With the Oregon Shakespeare Festival, great dining and shopping below the mountain, Mt. Ashland becomes a premier ski destination, he says. “Between the town and the mountain, it’s a great combination.”
And don’t worry about running out of snow. Mt. Ashland averages 285 inches a year with the best accumulation in late March and early April. The slope normally stays open until late April.
While Mt. Ashland is a downhill facility, cross country or Nordic skiing is not far away. Nordic trails and the nearby Grouse Gap Shelter are accessible from the Mt. Ashland annex parking lot. Here’s more information. http://www.traveloregon.com/Explore-Oregon/Southern-Oregon/Outdoor-Recreation/Winter-Sports/Trails-and-Sno-Parks/Grouse-Gap-Nordic-Trails.aspx
Elsewhere in the snow
Snowshoes and Nordic skis
Crater Lake National Park offers two-hour snowshoe walks every Saturday and Sunday through April.

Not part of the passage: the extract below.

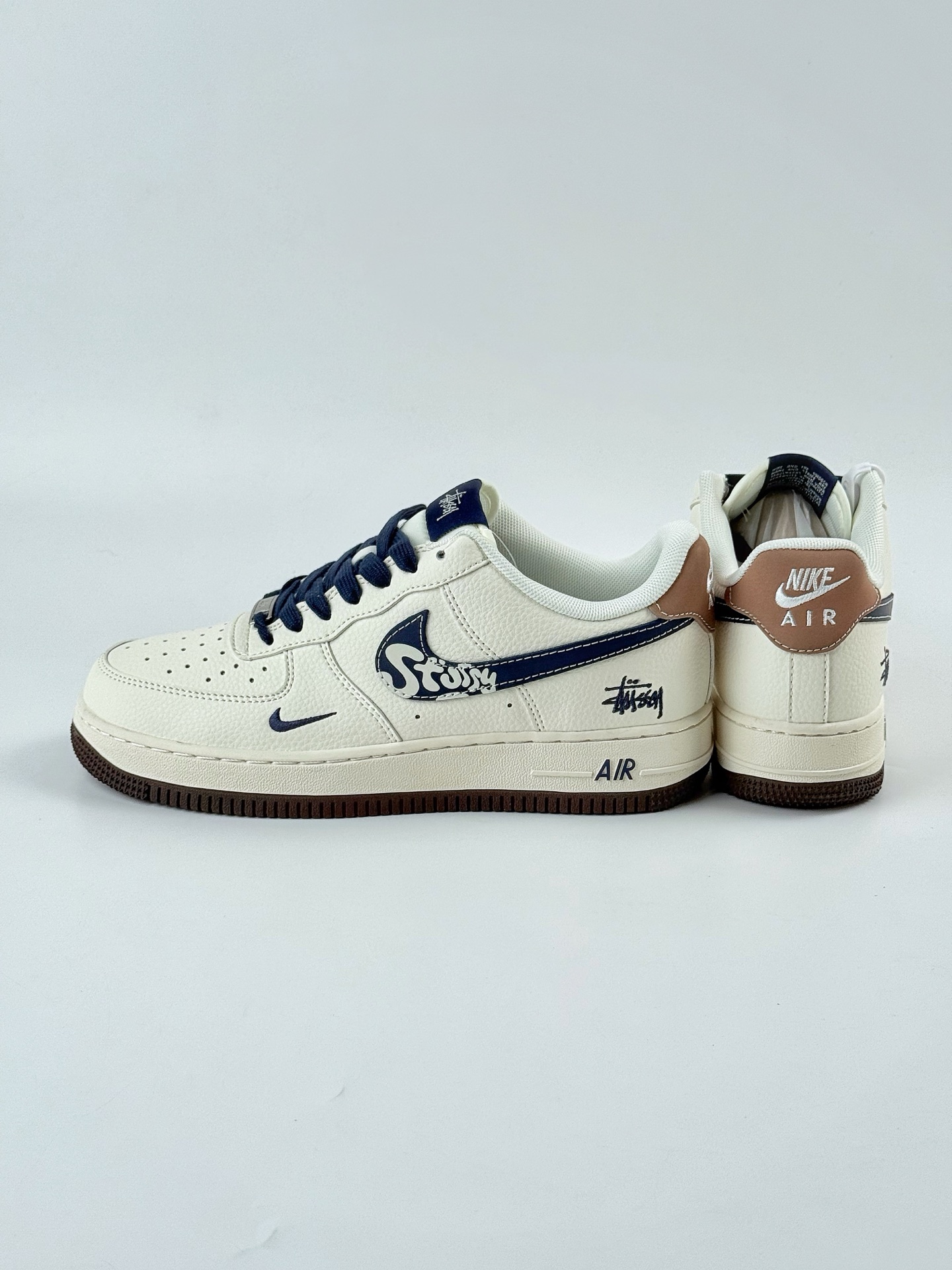 260 Nike Air Force 1 Low 07 x Stussy 白蓝小钩 ZH2598-309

The 1-mile walks, starting at 1 p.m. each day, are ranger-guided and make a fun way to explore the park and discover how plants, animals and people survive in the deep snow.
Participants should be at least 8 years old, be in reasonably good physical condition and come prepared with warm clothing and water-resistant footwear. No previous snowshoeing experience is necessary and both the tour and snowshoes are provided free of charge.
Space on each tour is limited, and advance reservations are recommended. For more information and to sign up, call the park’s visitor center at 541-594-3100. Also, call for information about private group tours.
Crater Lake is one of the snowiest inhabited places in America, receiving an average of 44 feet of snow per year. Crater Lake National Park is open year-round, 24 hours a day. The park’s west and south entrances are plowed daily and are open to automobiles throughout the winter.
The visitor center is open daily from 10 a.m. to 4 p.m. The Rim Village Café & Gift Shop is open daily from 10 a.m. to 4:30 p.m.
Spectacular views of Crater Lake can be obtained from Rim Village when the weather is clear. The park also offers many miles of trails for cross-country skiers and snowshoers.
For complete information on all winter recreational opportunities at Crater Lake National Park, download this detailed PDF document. http://www.nps.gov/crla/parknews/upload/Crater-Lake-
Klamath Falls - The 10th Annual Figure Skating Spectacular, ICE! CAMERA! ACTION! takes place Saturday, Feb. 4, at the Bill Collier Community Ice Arena at Running Y Ranch in Klamath Falls.
The event features Ryan Bradley, the 2011 US Figure Skating Gold Medalist, as well as returning favorite Keegan Messing, the 2009 US Junior Men’s Silver Medalist from Alaska, and Nathan Chen, the 2010/2011 Novice Men’s Champion.
Tickets are available now at Oregon Gift Store on Main Street in Klamath Falls and online through http://klamathicesports.org/.
Find your base camp
Prospect - Prospect Historic Hotel-Motel and Dinner House is a good base camp for your winter wilderness adventure. Located just 28 miles from Crater Lake National Park, the hotel is in the closest full service town, providing all the essentials for your trip including dining, saloon, store, gas and laundry).
Interested in exploring without snow? Walk to one of three waterfalls. The closest is 12 minutes from the Prospect Hotel front door.
Ski and Snowshoe groups receive 10 percent off their first night’s stay, and 20 percent off for two or more nights. Contact the Prospect Hotel at 541-560-3664 or visit the web site - www.prospecthotel.com
Mushing Retreat for Dogs
Would your dog like to romp in the snow and find some new canine friends? Would they like to try pulling a dog sled? Crystalwood Lodge has scheduled some Winter Urban Mushing Retreats.”
The retreats will be available Jan. 13-16, Feb. 17-20 and March 9-11, subject to availability. Here’s the specifics: 3 days, 2 nights lodging + instruction, $285/team (up to 2 people).
A stay at the Lodge includes use of a fully outfitted commercial kitchen—Bring your food and everything else is provided.